*** SUPPLIED ENTRIES Section Begins ***

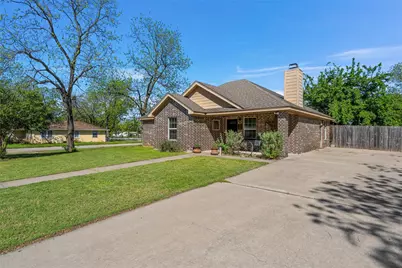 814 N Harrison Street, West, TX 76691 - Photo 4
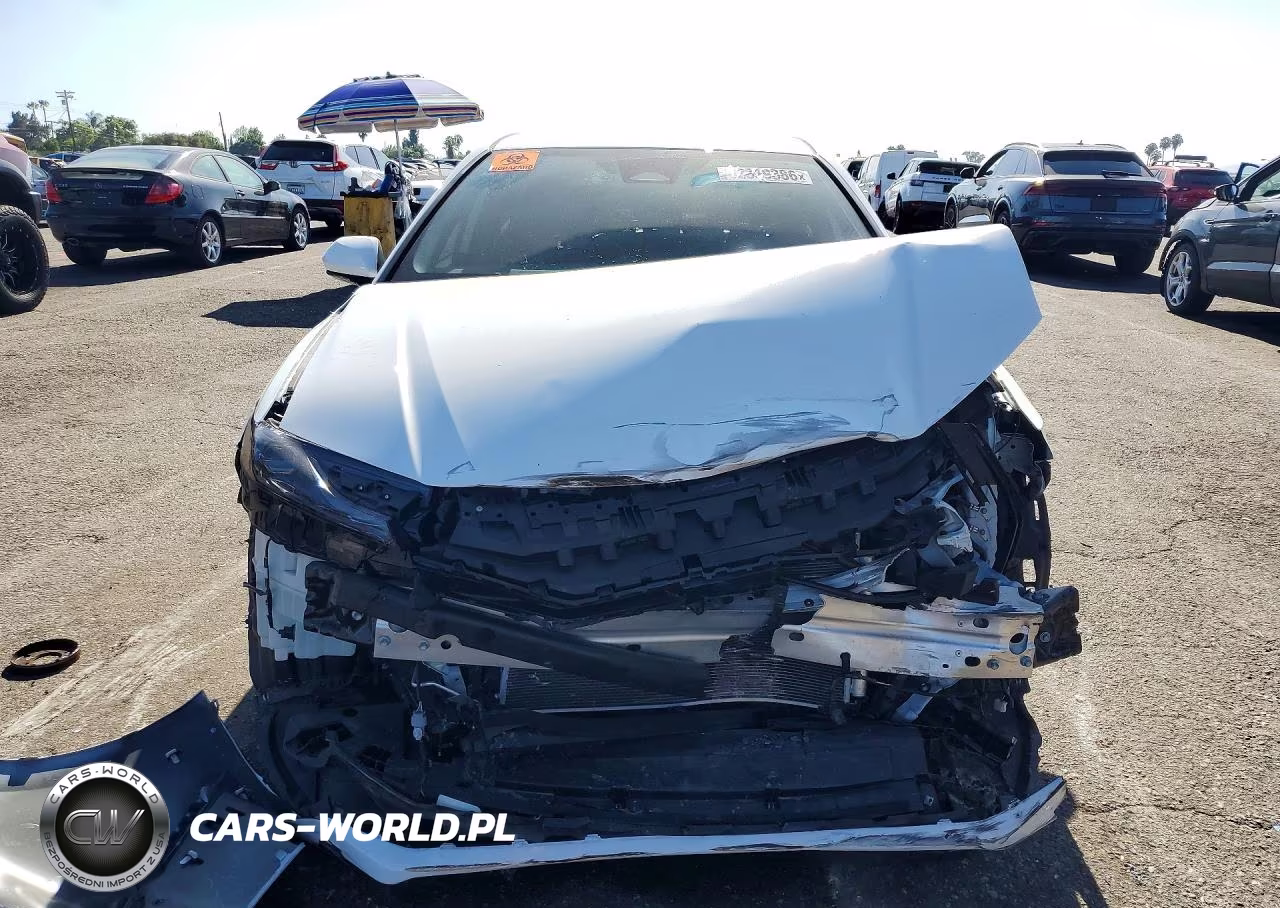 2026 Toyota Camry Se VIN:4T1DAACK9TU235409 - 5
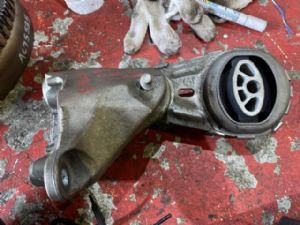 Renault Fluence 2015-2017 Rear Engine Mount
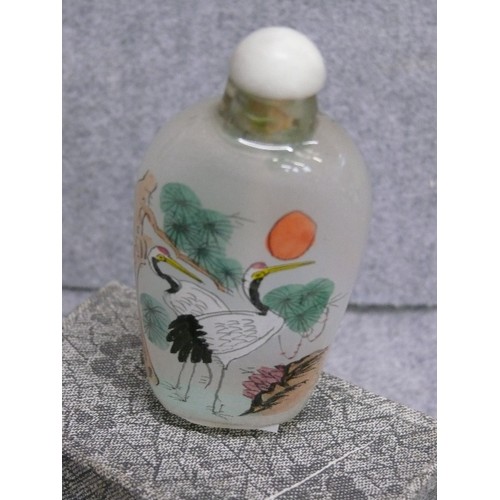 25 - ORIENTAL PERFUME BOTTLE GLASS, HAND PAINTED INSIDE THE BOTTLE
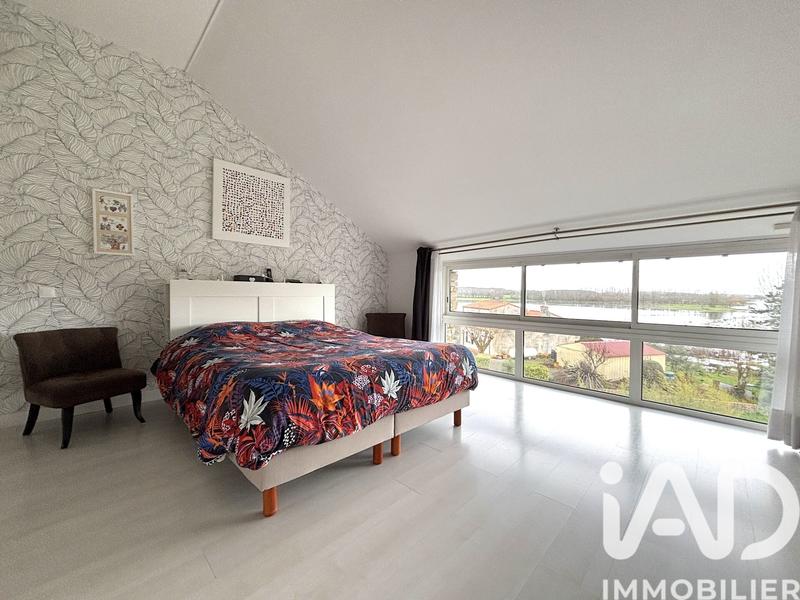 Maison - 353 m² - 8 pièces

*** SUPPLIED ENTRIES Section Ends ***

> _WHAT YOU HAVE TO DO_
I need the entries printed exactly, with each picture left out.

> _REPLY TO THE TASK_
 814 N Harrison Street, West, TX 76691 - Photo 4
 2026 Toyota Camry Se VIN:4T1DAACK9TU235409 - 5
 Renault Fluence 2015-2017 Rear Engine Mount
 25 - ORIENTAL PERFUME BOTTLE GLASS, HAND PAINTED INSIDE THE BOTTLE
 Maison - 353 m² - 8 pièces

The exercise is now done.